• [Input data]
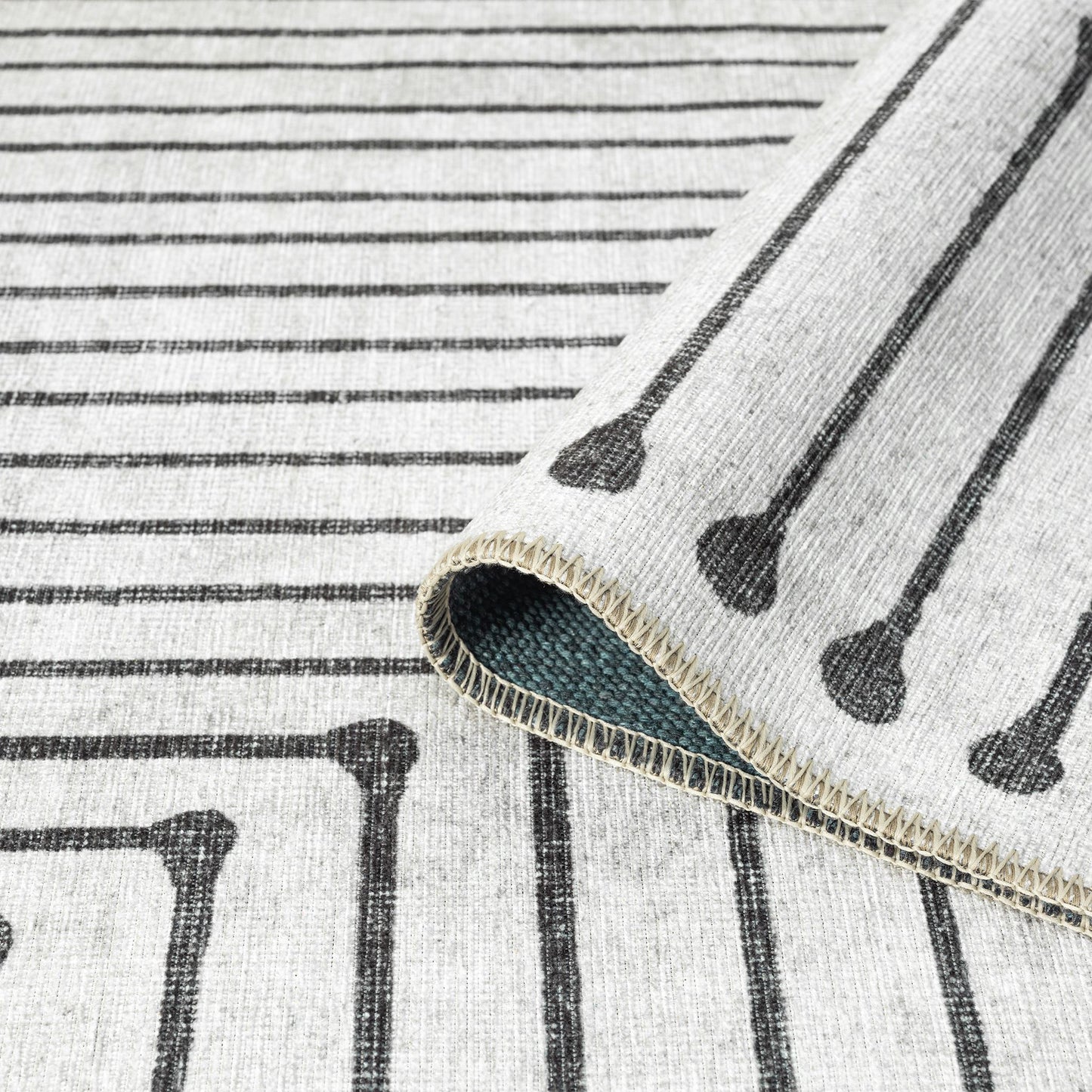 Vintage Stone in Black and White Colour Rug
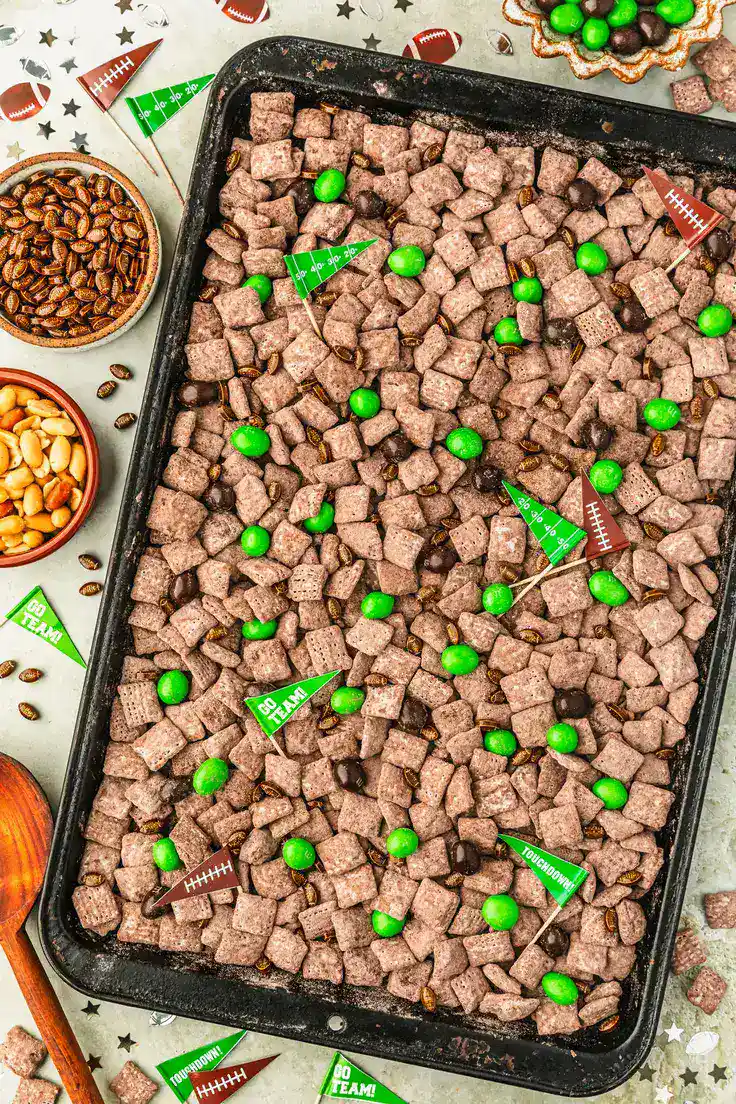 Football Muddy Buddy Recipe by Sunday Table
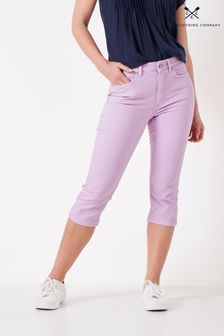 Crew Clothing Company Purple Cotton Regular Casual Crop Trousers (T51071) | €34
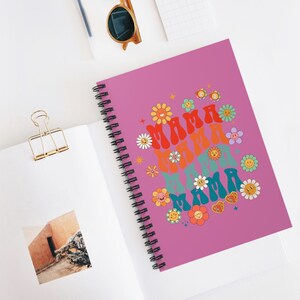 Flower Power Spiral Notebook Ruled, Cute Floral Journal for Women, Gift for Moms, Mother&#39;s Day Notepad, Pretty Stationery Idea
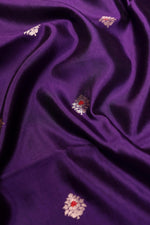 Handwoven Dark Purple Banarasi Katan Silk Suit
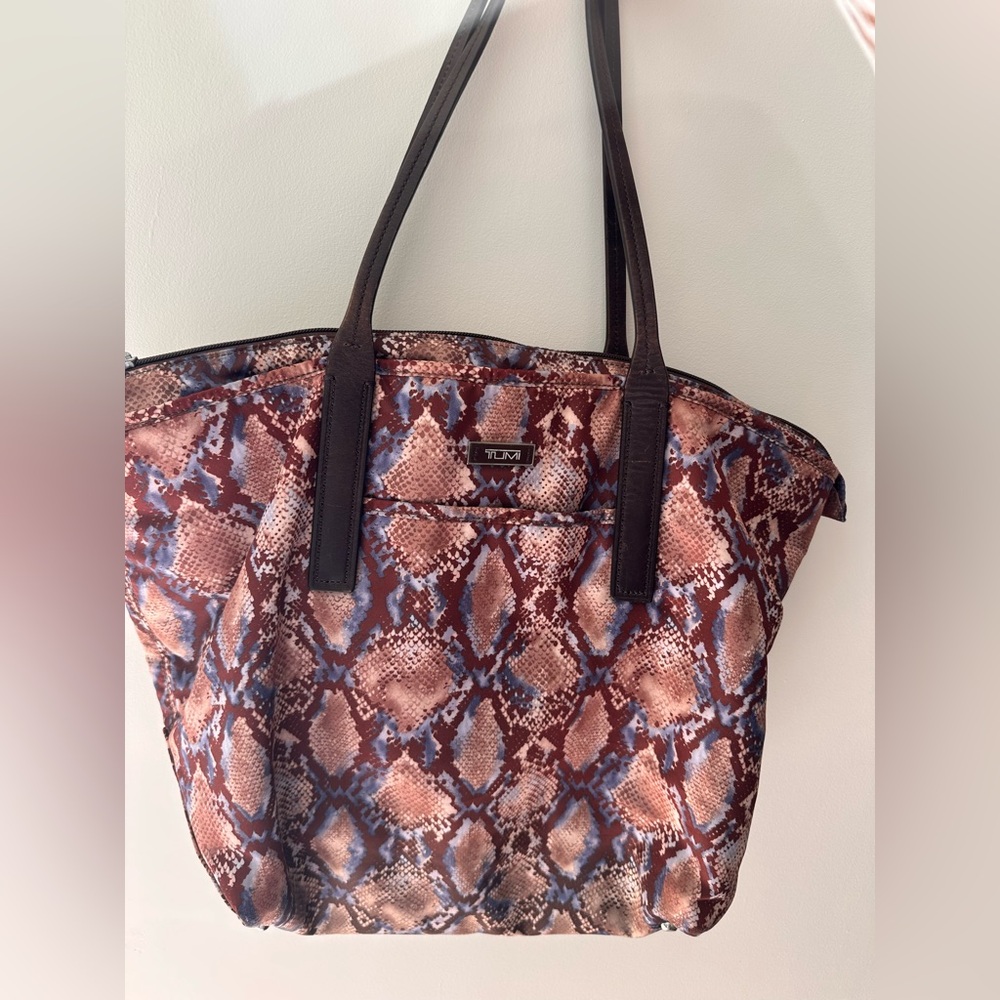 Tumi Snakeskin Patterned Tote in Brown and Blue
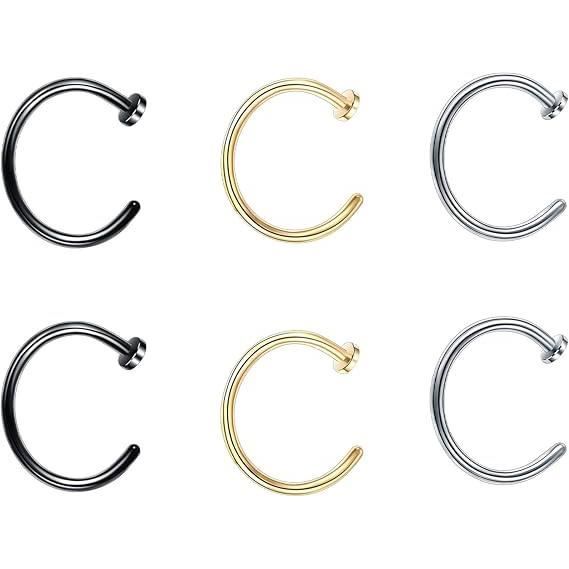 Funseedrr Lot De 6 Faux Piercings Nez En Acier Chirurgical - Anneaux Septum Réglables Et Discrètes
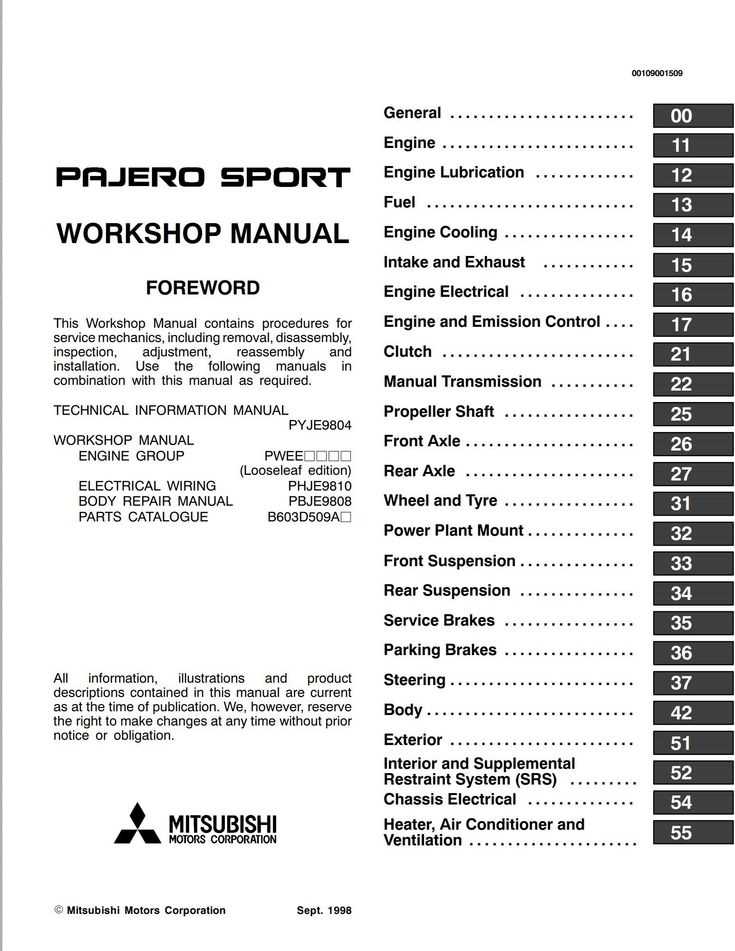 mitsubishi montero sport 1999 repair manual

• [Work to be completed] Your answer must be an exact transcription of the records above, minus the pictures.

• [Solution to the problem]
 Vintage Stone in Black and White Colour Rug
 Football Muddy Buddy Recipe by Sunday Table
 Crew Clothing Company Purple Cotton Regular Casual Crop Trousers (T51071) | €34
 Flower Power Spiral Notebook Ruled, Cute Floral Journal for Women, Gift for Moms, Mother&#39;s Day Notepad, Pretty Stationery Idea
 Handwoven Dark Purple Banarasi Katan Silk Suit
 Tumi Snakeskin Patterned Tote in Brown and Blue
 Funseedrr Lot De 6 Faux Piercings Nez En Acier Chirurgical - Anneaux Septum Réglables Et Discrètes
 mitsubishi montero sport 1999 repair manual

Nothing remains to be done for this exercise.